I was wondering if it is possible to formulate Markov property with respect to the general filtration $\{\mathcal{F}_t \}$, in a way similar to  that with respect to the natural filtration $\{\mathcal{F}_{\leq t}\}$ defined in 2? 
If yes, why is this new definition equivalent to the definition in 1?
Any references?
Thanks in advance!
 A: I've copied this from page 2 of General Theory of Markov Processes by Michael Sharpe,
with some changes in notation. 
Suppose 
$$P(A_1\cap A_2\,|\,  {\cal F}_{=t} )= P(A_1 \,|\,  {\cal F}_{=t} )P( A_2\,|\,  {\cal F}_{=t} )$$
for all $A_1\in {\cal F}_{\leq t}$ and $A_2\in {\cal F}_{\geq t}$.
Using well known properties of conditional expectations, 
\begin{eqnarray*}
P(A_1\cap A_2)
&=&P(P(A_1\cap A_2\ |\  {\cal F}_{=t}))\cr
&=&P\left( P(A_1\  |\  {\cal F}_{=t})\ P(A_2 \ | \ {\cal F}_{=t})  \right)\cr
&=&P(P(A_2\ |\  {\cal F}_{=t}) ; A_1).
\end{eqnarray*}
As $A_1\in {\cal F}_{\leq t}$ was arbitrary, it follows that 
$$P(A_2\  |\  {\cal F}_{\leq t} ) =P(A_2\ | \  {\cal F}_{=t} )$$
for every $A_2\in {\cal F}_{\geq t}$. 
That is, prediction of future behavior of $X$ based on the entire past is
only as valuable as the predictor based on the present value $X_t$ alone.
A: Conditional independence is the relevant concept.

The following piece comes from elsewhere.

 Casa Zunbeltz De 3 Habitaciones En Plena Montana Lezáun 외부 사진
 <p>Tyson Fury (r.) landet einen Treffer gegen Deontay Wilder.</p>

Let $\cal F$ be the natural filtration of $(X_t)$ and $\cal G \supset \cal F$ a bigger filtration. Then $(X_t)$ is Markovian with respect to $\cal G$ means that $\cal F_\infty$ is conditionally independent of $\cal G_t$ given $\sigma(X_t)$. You can check that 1 and 2 (the case when $\cal G=\cal F$) are equivalent to this property by using the classical characterizations of conditional independence.
A: If I understand your question correctly the answer is yes and I guess this would suffice as source (page 2 definition 1) he even proves it equivalent to your other definition:
http://books.google.co.uk/books?id=0o0r21x1Ns8C&pg=PA317&dq=moderate+markov+proces&hl=da&sa=X&ei=pnv9T6zCNMOp0QXRk-yPCQ&ved=0CDUQ6AEwAQ#v=onepage&q&f=false
Hope it's to some help.